I palermitani celebrano il primo presidente della storia con grande entusiasmo e calore mediterraneo, ma cosa cambia per la città? [opinione]

Da via Libertà 66 al Quirinale. In una fredda giornata di gennaio Palermo si è svegliata magicamente con un presidente in più e qualche sventura in meno. Sergio Mattarella, il vecchio democristiano riservato e "con la schiena dritta" sarà il dodicesimo Presidente della Repubblica, primo siciliano a guidare il Colle “direttamente”, come sottolinea maliziosamente il genio di “Spinoza”. È arrivato in punta di piedi in una corsa con pochi reali contendenti e in una partita senza storia. Non è un mistero che fosse la migliore delle offerte possibili in quei sottili equilibri di palazzo che tanto ricordano quella prima Repubblica. Come dice Crozza, "l'uomo giusto al momento giusto, 30 anni fa".   

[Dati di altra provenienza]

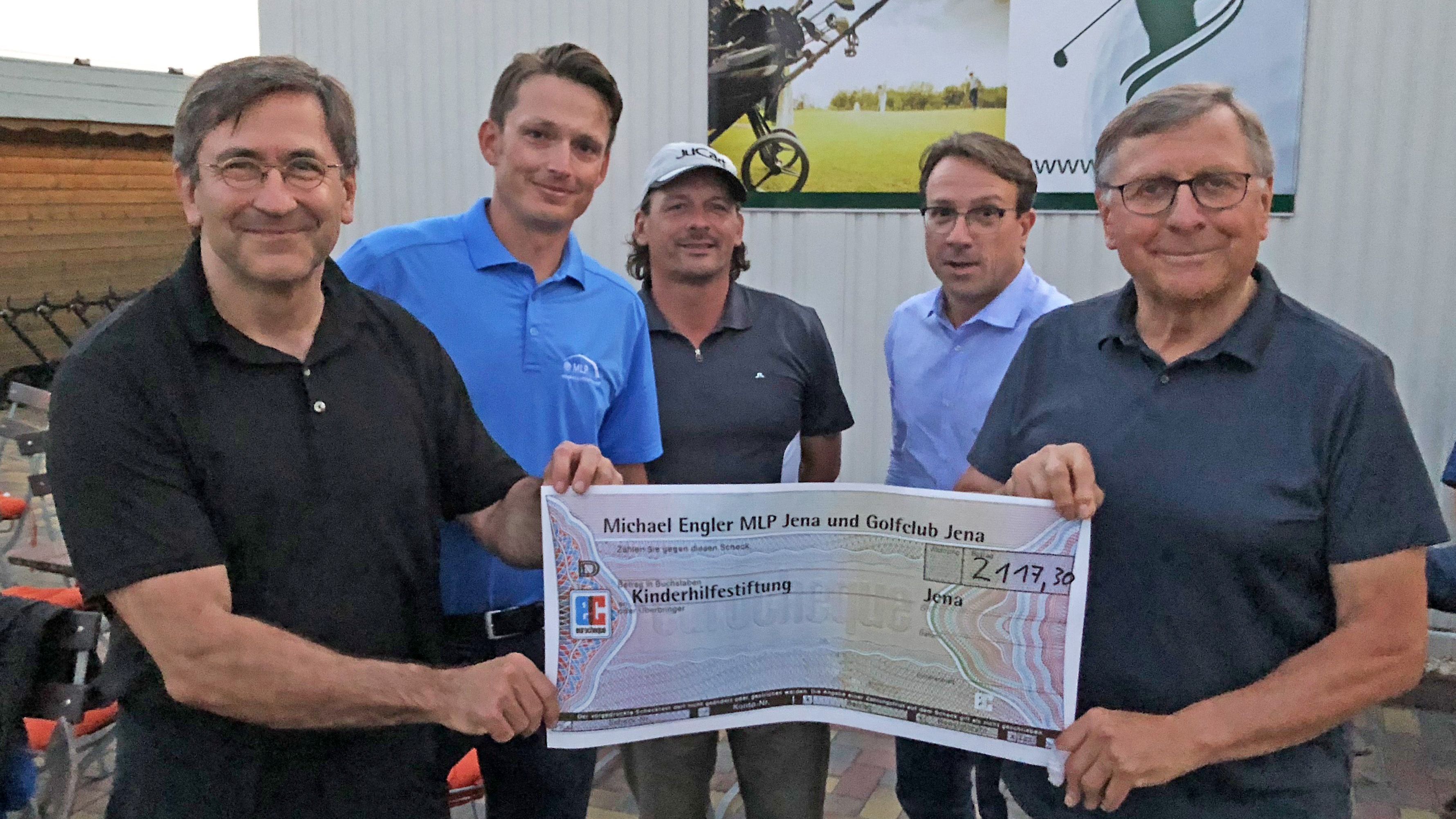 Ärzte und Sponsoren sammelten für Kinderhilfestiftung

E a casa sua, in una Palermo affaticata, ma mai rassegnata ad un ruolo di capitale dimezzata del Sud e della storia antica del Mediterraneo, si respira un’aria di eccitazione. Dalla facoltà di giurisprudenza, fucina della politica sicula post-unitaria ai vicini di casa, dai palazzi del salotto cittadino del quartiere Libertà alle putìe che sognano di regalare i cannoli e le arancine al presidente, tutti festeggiano una figura che riaccende nei cuori la speranza. Nella Sicilia eterno laboratorio politico pirandelliano, tutti, da Orlando a Cammarata, dal “partito dei siciliani” a Crocetta, da Zamparini al parroco Don Alerio Montalbano, plaudono alla sua elezione. E improvvisamente dell’uomo politico che molti non avevano mai sentito parlare in pubblico, sappiamo tutti i particolari, in attesa che qualche astuto commentatore fiuti l’affare e ne pubblichi la biografia e la storia.

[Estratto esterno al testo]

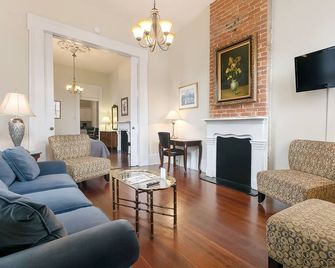 Prime location: Walk to Bourbon St & all of the French Quarter. Great for groups - Nueva Orleans - Sala de estar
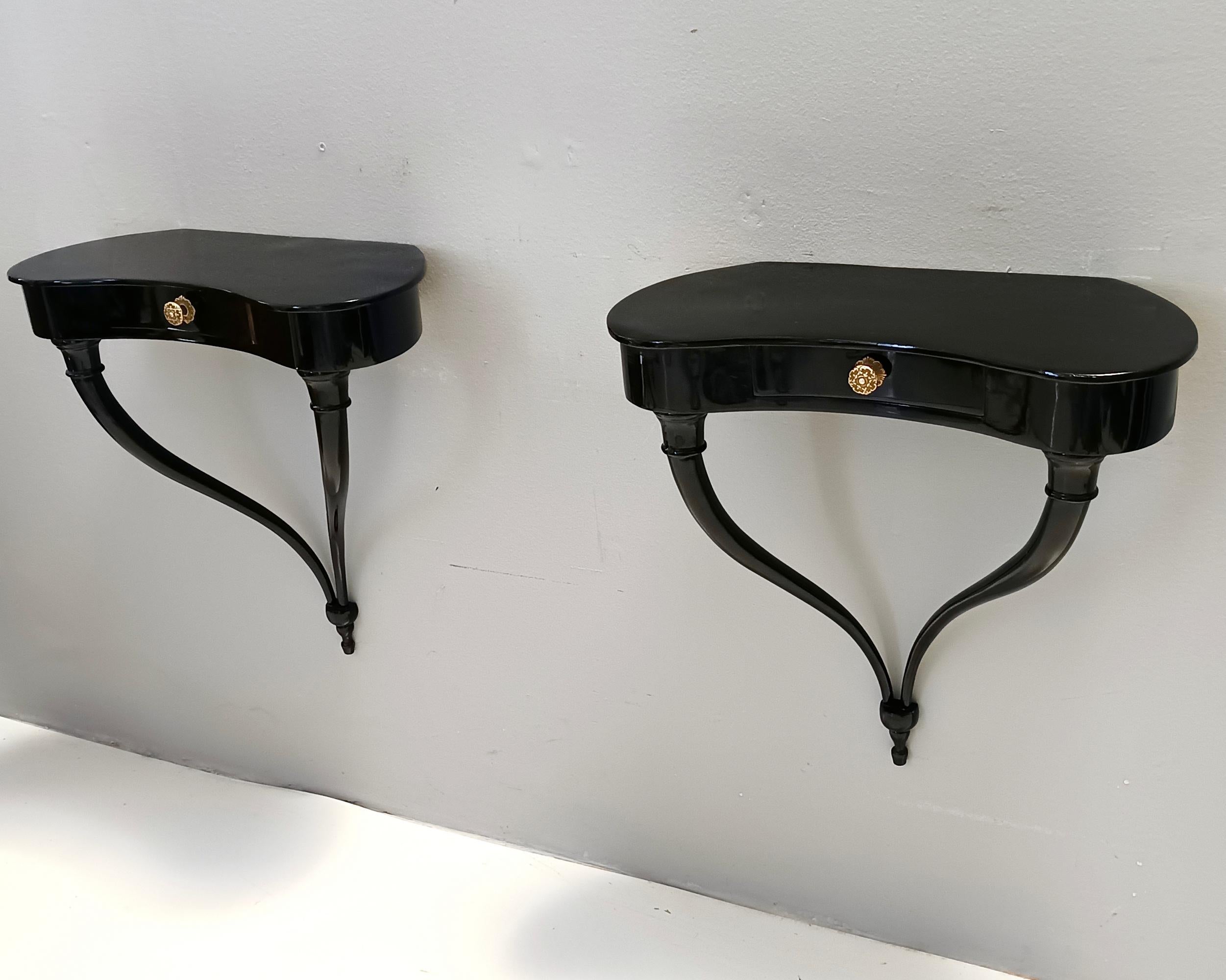 Pair of Black Wall-Mounted Console Tables / Nightstands attr. to Ulrich (Lackiert) im Angebot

Già, ma cosa guadagna il capoluogo siciliano da un’elezione arrivata in modo quasi inaspettato dopo l’annuncio-diktat di Renzi? Da domani il destino della città che in un decennio ha perso circa 30 mila abitanti prenderà una strada diversa? L'avvento di un presidente palermitano illuminerà un'antica capitale che brancola nel buio e che nelle cronache nazionali finisce solo per la mafia e la trattativa, o per le storie fantozziane della Trinacria sprecopoli?  

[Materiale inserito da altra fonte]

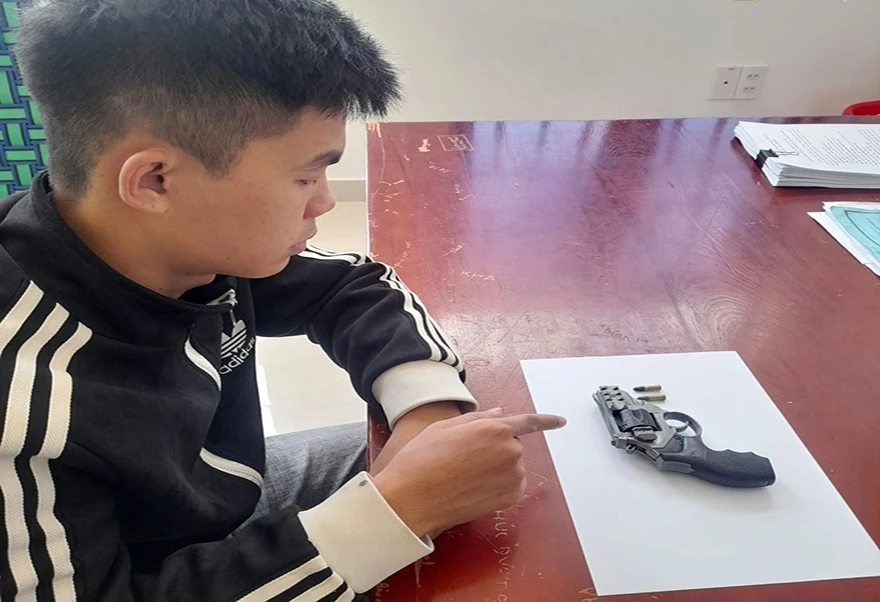 Bị can Nguyễn Văn Giáp và súng, đạn tang vật định mang ra đảo Phú Quý giải quyết mâu thuẫn thì bị bắt. Ảnh ANĐT.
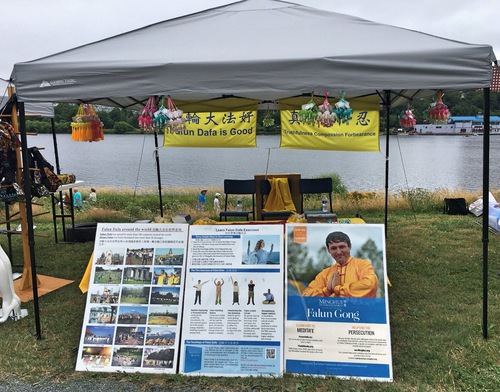 Image for article Kanada: Praktisi Memperkenalkan Falun Dafa di Acara Royal Regatta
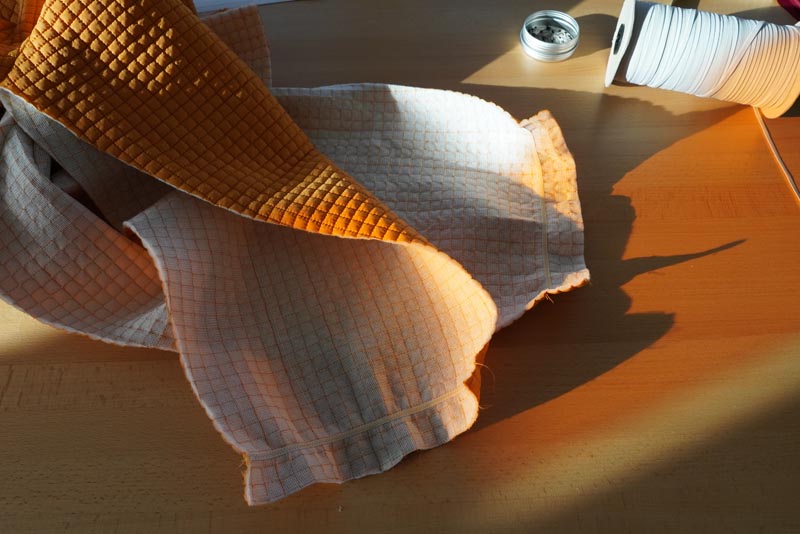 Střih a návod jak ušít dámský prošívaný celopropínací kabát s velkým límcem a kapucí - stažení rukávů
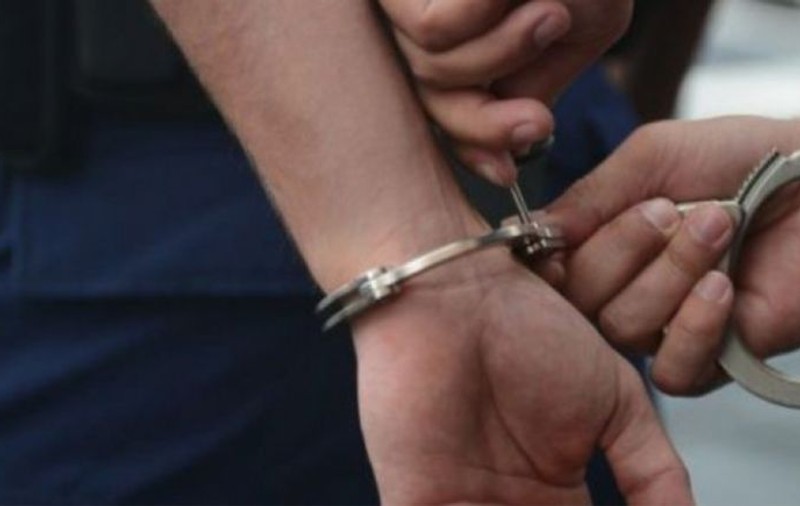 Un adolescent de 16 ani a lovit un polițist în timp ce era încătușat. A reușit să fugă dar a fost prins în scurt timp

Si sa, la storia dell’isola è dominata da quello strano orgoglio siculo-trionfalista, lo stesso che celebra con grande passione due vittorie consecutive dei rosanero e che sparisce non appena si presenti la minima difficoltà. Come non essere allora d’accordo con lo storico Giuseppe Carlo Marino quando dice a Repubblica Palermo (4 febbraio 2015) che “l’elezione di Mattarella è bella, ma se una battaglia è stata vinta è una battaglia d’immagine e Palermo è piena di battaglie d’immagine ma sconfitte di realtà”. O ancora: “perché le figure di Grasso e Mattarella abbiano un significato reale, dovrebbe nascere un movimento antimafia fondato sul disagio sociale. Ma sembra che la città continui a subire il fascino dei salotti dietro ai quali si nasconde la miseria e il degrado”.

La mafia ritorna sempre e anche se non ha vinto come sostengono giustamente il giurista Giovanni Fiandaca e lo storico Salvatore Lupo nel recente pamphlet, non è andata via dall’isola e dalla città e ne inquina ancora la mentalità. E quei salotti, sono le dinastie perbene (a volte con qualche ombra nei capostipiti) e le buone intenzioni lasciate cadere nel vuoto delle parole e nella confusione che governa per esempio quel mostro inceppato della Regione. Dietro si nasconde la miseria e il degrado di un patrimonio culturale deteriorato e dei numeri impietosi che scorrono davanti agli occhi nella vita reale o nelle statistiche ormai simboliche: lavora solo il 38% della popolazione attiva, mentre ben 6 giovani sui 10 restano a casa.

Le parole del nuovo presidente che, con eleganza senza pari, cita “solo” Falcone e Borsellino e non quel fratello ucciso in quella tragica Epifania del 1980 fanno bene alla Sicilia ma solo se queste nobili intenzioni diventassero realtà: Allora Palermo avrebbe quel riscatto che la sua storia merita da tempo.